Avoid caffeine, which may exacerbate side effects
Store securely to prevent theft or misuse
Use of drug should be disclosed to all healthcare providers

Contraindications

Cardiovascular disease
Moderate to severe hypertension
Hyperthyroidism
Glaucoma
History of substance abuse
During or within 14 days of MAOI administration
Known hypersensitivity

Drug Interactions

MAOIs: Hypertensive crisis, hyperpyrexia
SSRIs: Increased risk of serotonin syndrome
Antihypertensives: Reduced effectiveness
Anticonvulsants: Changed seizure threshold
Antacids/GI acidifiers: Altered absorption
Caffeine: Additive stimulant effects

Memory Aids

STIMULANTS Mnemonic

Use this mnemonic to remember common side effects:

S – Sleep disturbances (insomnia)
T – Tachycardia
I – Irritability
M – Mood changes
U – Urinary retention
L – Loss of appetite
A – Anxiety
N – Nausea
T – Tremor
S – Sweating

DOPAMINE Mnemonic

Remember stimulant mechanism of action:

D – Decreases reuptake
O – Opens vesicles to release more
P – Promotes synthesis
A – Adrenergic activation
M – MAO inhibition (some)
I – Increases neurotransmitter release
N – NET and DAT blockade
E – Enhances synaptic concentration

Visual Memory Aid: Stimulants Timeline

Short-Acting

4-6 hours

Methylphenidate IR
Dextroamphetamine IR

Intermediate

6-8 hours

Ritalin SR
Adderall

Long-Acting

8-12 hours

Concerta
Adderall XR

Extended

12-16 hours

Vyvanse
Mydayis

Very Long

>16 hours

Modafinil
Armodafinil

2. Cognitive Enhancers for Dementia

Overview

Cognitive enhancers, also known as anti-dementia drugs, are medications designed to improve memory, attention, and other cognitive functions in patients with dementia. These drugs do not cure or stop the progression of dementia but may temporarily slow cognitive decline and improve quality of life.

Types of Cognitive Enhancers

Cholinesterase Inhibitors: Donepezil (Aricept), Rivastigmine (Exelon), Galantamine (Razadyne)
NMDA Receptor Antagonists: Memantine (Namenda)
Combination Therapy: Donepezil + Memantine (Namzaric)
Amyloid-Targeting Therapies: Aducanumab (Aduhelm), Lecanemab (Leqembi)

Dementia Types

Alzheimer’s Disease: Most common form (60-80% of cases)
Vascular Dementia: Due to impaired blood flow to the brain
Lewy Body Dementia: Characterized by protein deposits in nerve cells
Frontotemporal Dementia: Affects frontal and temporal lobes
Mixed Dementia: Combination of multiple types

Dementia Pathophysiology

Dementia involves progressive neuronal damage and death, resulting in cerebral atrophy and cognitive impairment.
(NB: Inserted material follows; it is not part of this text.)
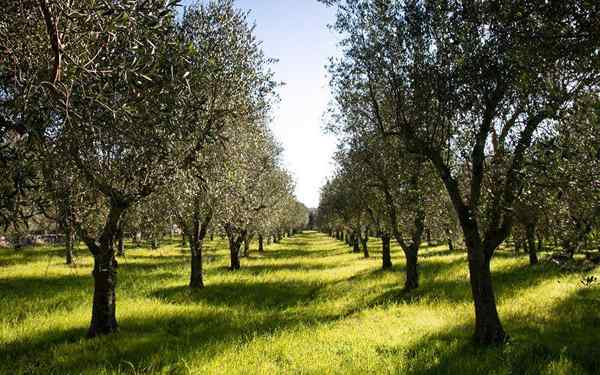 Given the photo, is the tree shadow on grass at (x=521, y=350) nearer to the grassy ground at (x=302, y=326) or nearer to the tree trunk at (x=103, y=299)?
the grassy ground at (x=302, y=326)

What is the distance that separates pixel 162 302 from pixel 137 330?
569 centimetres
In Alzheimer’s disease, key pathological features include:

Beta-amyloid plaques outside neurons
Neurofibrillary tangles (tau protein) inside neurons
Loss of connections between neurons
Inflammation and immune system activation
Neurotransmitter imbalances, particularly reduced acetylcholine

Mechanism of Action

Cognitive enhancers work through different mechanisms to improve neuronal function and communication:

Cholinesterase Inhibitors

These drugs inhibit the enzyme acetylcholinesterase, which is responsible for breaking down acetylcholine in the synaptic cleft. This results in:

Increased acetylcholine levels in the brain
Enhanced cholinergic neurotransmission
Improved cognitive function

Examples: Donepezil (Aricept), Rivastigmine (Exelon), Galantamine (Razadyne)

NMDA Receptor Antagonists

Memantine works by blocking NMDA (N-methyl-D-aspartate) glutamate receptors to:

Prevent excessive glutamate activity
Protect neurons from excitotoxicity
Regulate calcium influx into neurons
Improve signal transmission

Example: Memantine (Namenda)

Amyloid-Targeting Therapies

These newer monoclonal antibody therapies target beta-amyloid, a key component in Alzheimer’s pathology:

Bind to beta-amyloid aggregates in the brain
Promote clearance of amyloid plaques
Potentially slow disease progression

Examples: Aducanumab (Aduhelm), Lecanemab (Leqembi)

Indications

Medication	FDA-Approved Indications	Dementia Stage
Donepezil (Aricept)	Alzheimer’s Disease	All stages (mild to severe)
Rivastigmine (Exelon)	Alzheimer’s Disease, Parkinson’s Disease Dementia	Mild to moderate
Galantamine (Razadyne)	Alzheimer’s Disease	Mild to moderate
Memantine (Namenda)	Alzheimer’s Disease	Moderate to severe
Donepezil + Memantine (Namzaric)	Alzheimer’s Disease	Moderate to severe
Aducanumab (Aduhelm)	Alzheimer’s Disease	Early stage (MCI or mild dementia)
Lecanemab (Leqembi)	Alzheimer’s Disease	Early stage (MCI or mild dementia)

Clinical Pearl

While cognitive enhancers are primarily indicated for Alzheimer’s disease, they are sometimes used off-label for other types of dementia. Cholinesterase inhibitors may provide some benefit in Lewy body dementia and Parkinson’s disease dementia, but have limited efficacy in vascular dementia and frontotemporal dementia.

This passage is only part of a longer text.